- Born: Ursula Kipp November 1951 (age 74)
- Occupation: Businesswoman
- Known for: Chairwoman of Tschuggen Hotel Group
- Spouse: Wilfried Bechtolsheimer
- Children: 4

= Ursula Bechtolsheimer-Kipp =

German billionaire and businesswoman

Ursula Bechtolsheimer-Kipp (born November 1951) is a German-born billionaire, businesswomen and heiress.

Bechtolsheimer-Kipp is the only daughter of German retail tycoon Karl-Heinz Kipp, founder of the Massa department store chain. After her father died in October 2017, Ursula inherited much of his fortune.

Bechtolsheimer-Kipp was married to Dr Wilfried Bechtolsheimer. Together, they are estimated to be worth £1 billion by the Sunday Times Rich List.

== Early life ==
Bechtolsheimer-Kipp was born in Germany. She is one of two children born to Karl-Heinz Kipp and Hannelore Kipp. Her father, Karl-Heinz Kipp, was a self-made billionaire who made his fortune in retail and property. He is most famous for owning the Massa department store chain in Germany, which he founded in 1965 and sold two decades later in 1985.

Her brother, Ernst-Ludwig Kipp, died in 2003 leaving behind seven children.

== Career ==

=== Tschuggen Hotel Group ===
According to Forbes, Ursula took over the Tschuggen Hotel Group as its chairwoman in 2016, having been operationally involved in the company for many years prior.

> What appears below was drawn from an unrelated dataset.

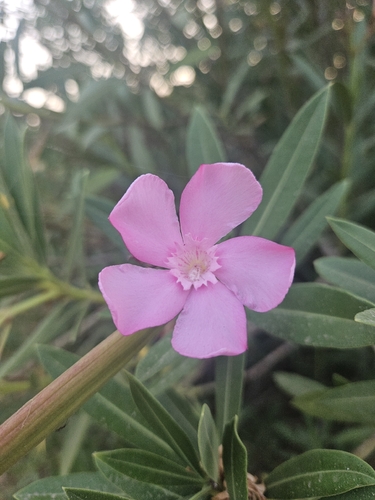 oleander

Tschuggen Hotel Group is a luxury resort group and was set by Karl-Heinz Kipp in 1980. The group owns multiple resorts in Europe including the Tschuggen Grand Hotel in Arosa and the all-suite Carlton Hotel in St. Moritz, Switzerland.

=== Horse breeding ===
Ursula and her husband Wilfried own and run a horse training and breeding centre in Gloucestershire.

== Personal life ==
Dr Wilfried Bechtolsheimer died on April 8, 2020, aged 71 in Ascona, Switzerland.

Ursula and Wilfred have three sons and one daughter.

Her eldest son Felix is a member the gothic band, Curse of Lono. Another son, Gotz is an academic at the University of Pennsylvania.

Her youngest son, Till (b. 1982), a former racing driver, set up New York-based investment management company Arosa Capital Management.

Bechtolsheimer-Kipp's only daughter is British dressage rider Laura Tomlinson (née Bechtolsheimer), who won two medals at the 2012 Summer Olympics in London. Laura married English professional polo player Mark Tomlinson in a ceremony in 2013, which was attended by the Duke and Duchess of Cambridge and the Duke of Sussex.

Bechtolsheimer-Kipp moved her family to Gloucestershire from Germany in the late 1980s. According to Forbes, she currently resides in Switzerland.